Total supply is forecast to average 104.5 million barrels a day in 2025, with non-OPEC+ producers estimated to add 1.5 million barrels a day of supply.
Thursday’s IEA report comes as Brent crude trades at $71 a barrel, while the U.S. oil gauge, West Texas Intermediate, is around $67 a barrel. Futures are pressured by growing concerns over the chaotic rollout of U.S. tariffs and their impact on the global economy and oil consumption, as well as OPEC+’s decision to start raising output from April.
OPEC+ crude supply rose by 210,000 barrels a day in February, while production from OPEC’s 12 members increased by 40,000 barrels a day, according to the agency’s estimates. The OPEC+ alliance–which pumps more than half of the world’s crude oil–has been withholding barrels for more than two years and is now set to gradually unwind some of its production cuts.
The group is expected to add 138,000 barrels to the market next month, but the IEA said the actual increase might be at only 40,000 barrels a day, as only Saudi Arabia and Algeria have room to raise production from February levels.
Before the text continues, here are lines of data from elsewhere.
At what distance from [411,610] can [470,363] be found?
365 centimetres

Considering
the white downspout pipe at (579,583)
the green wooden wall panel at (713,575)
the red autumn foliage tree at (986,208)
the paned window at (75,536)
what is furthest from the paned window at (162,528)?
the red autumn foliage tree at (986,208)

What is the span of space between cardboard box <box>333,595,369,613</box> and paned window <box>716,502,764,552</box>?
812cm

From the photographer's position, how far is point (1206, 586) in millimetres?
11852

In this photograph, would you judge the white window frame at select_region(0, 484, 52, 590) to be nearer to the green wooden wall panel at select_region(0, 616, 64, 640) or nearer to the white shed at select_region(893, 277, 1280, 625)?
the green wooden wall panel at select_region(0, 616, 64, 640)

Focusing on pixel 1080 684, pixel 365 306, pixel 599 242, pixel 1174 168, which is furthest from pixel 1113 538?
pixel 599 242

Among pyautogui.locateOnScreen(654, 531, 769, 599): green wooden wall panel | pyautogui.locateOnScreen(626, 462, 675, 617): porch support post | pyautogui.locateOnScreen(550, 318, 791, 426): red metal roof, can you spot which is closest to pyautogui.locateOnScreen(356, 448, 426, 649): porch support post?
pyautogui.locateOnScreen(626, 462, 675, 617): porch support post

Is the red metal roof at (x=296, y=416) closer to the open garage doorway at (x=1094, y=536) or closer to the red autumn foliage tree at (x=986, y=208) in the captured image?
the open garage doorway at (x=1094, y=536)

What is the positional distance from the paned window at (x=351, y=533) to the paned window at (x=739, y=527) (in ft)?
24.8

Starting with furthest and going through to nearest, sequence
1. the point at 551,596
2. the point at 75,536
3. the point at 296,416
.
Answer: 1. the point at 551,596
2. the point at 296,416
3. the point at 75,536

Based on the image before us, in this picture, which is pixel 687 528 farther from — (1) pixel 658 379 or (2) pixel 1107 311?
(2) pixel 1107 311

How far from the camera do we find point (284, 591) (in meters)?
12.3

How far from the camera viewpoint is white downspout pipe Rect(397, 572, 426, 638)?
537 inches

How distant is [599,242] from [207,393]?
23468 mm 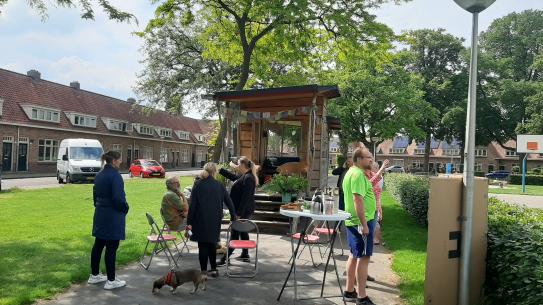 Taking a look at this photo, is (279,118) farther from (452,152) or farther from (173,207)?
(452,152)

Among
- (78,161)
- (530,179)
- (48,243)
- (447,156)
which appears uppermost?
(447,156)

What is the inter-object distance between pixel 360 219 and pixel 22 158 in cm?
3536

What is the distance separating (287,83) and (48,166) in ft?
84.6

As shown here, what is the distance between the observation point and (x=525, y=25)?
5156 cm

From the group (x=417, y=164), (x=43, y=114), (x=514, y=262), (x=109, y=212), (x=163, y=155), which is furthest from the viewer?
A: (x=417, y=164)

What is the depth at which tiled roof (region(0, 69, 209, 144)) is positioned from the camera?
33.4 meters

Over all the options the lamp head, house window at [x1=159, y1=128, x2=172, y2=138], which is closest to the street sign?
the lamp head

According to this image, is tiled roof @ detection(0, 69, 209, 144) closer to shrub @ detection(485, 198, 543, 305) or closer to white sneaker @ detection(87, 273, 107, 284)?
white sneaker @ detection(87, 273, 107, 284)

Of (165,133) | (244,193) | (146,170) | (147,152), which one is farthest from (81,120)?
(244,193)

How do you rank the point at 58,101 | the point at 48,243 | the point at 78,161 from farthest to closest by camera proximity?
the point at 58,101 → the point at 78,161 → the point at 48,243

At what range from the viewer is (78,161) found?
2519 cm

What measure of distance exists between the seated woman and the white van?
19.5 meters

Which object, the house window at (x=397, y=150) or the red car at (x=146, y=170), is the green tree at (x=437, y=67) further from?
the red car at (x=146, y=170)

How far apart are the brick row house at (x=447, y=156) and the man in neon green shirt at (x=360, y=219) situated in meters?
58.3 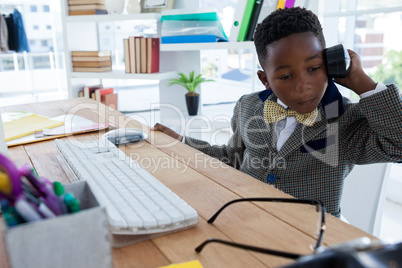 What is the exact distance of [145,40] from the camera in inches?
91.9

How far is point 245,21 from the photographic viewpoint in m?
1.85

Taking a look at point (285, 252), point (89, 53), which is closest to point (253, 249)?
point (285, 252)

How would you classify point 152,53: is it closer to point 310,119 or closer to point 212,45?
point 212,45

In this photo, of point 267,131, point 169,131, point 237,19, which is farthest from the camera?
point 237,19

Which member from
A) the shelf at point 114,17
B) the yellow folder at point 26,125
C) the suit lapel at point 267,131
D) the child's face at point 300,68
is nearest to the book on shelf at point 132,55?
the shelf at point 114,17

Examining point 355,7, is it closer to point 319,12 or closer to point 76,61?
point 319,12

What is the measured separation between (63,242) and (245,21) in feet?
5.54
Other member states have collectively over-produced by 1.2 million barrels a day last month.
Meanwhile, fresh U.S. sanctions on Russia and Iran haven’t yet disrupted crude loadings, and it’s still too early to assess the potential impact of U.S. tariffs on the Canadian or Mexican production outlook, according to the agency.
Venezuelan supply is instead expected to decline from April when Chevron’s license to operate the country expires, and its crude output estimate for the year was lowered by 190,000 barrels a day.
“Risks to the market outlook remain rife and uncertainties abound," the IEA said.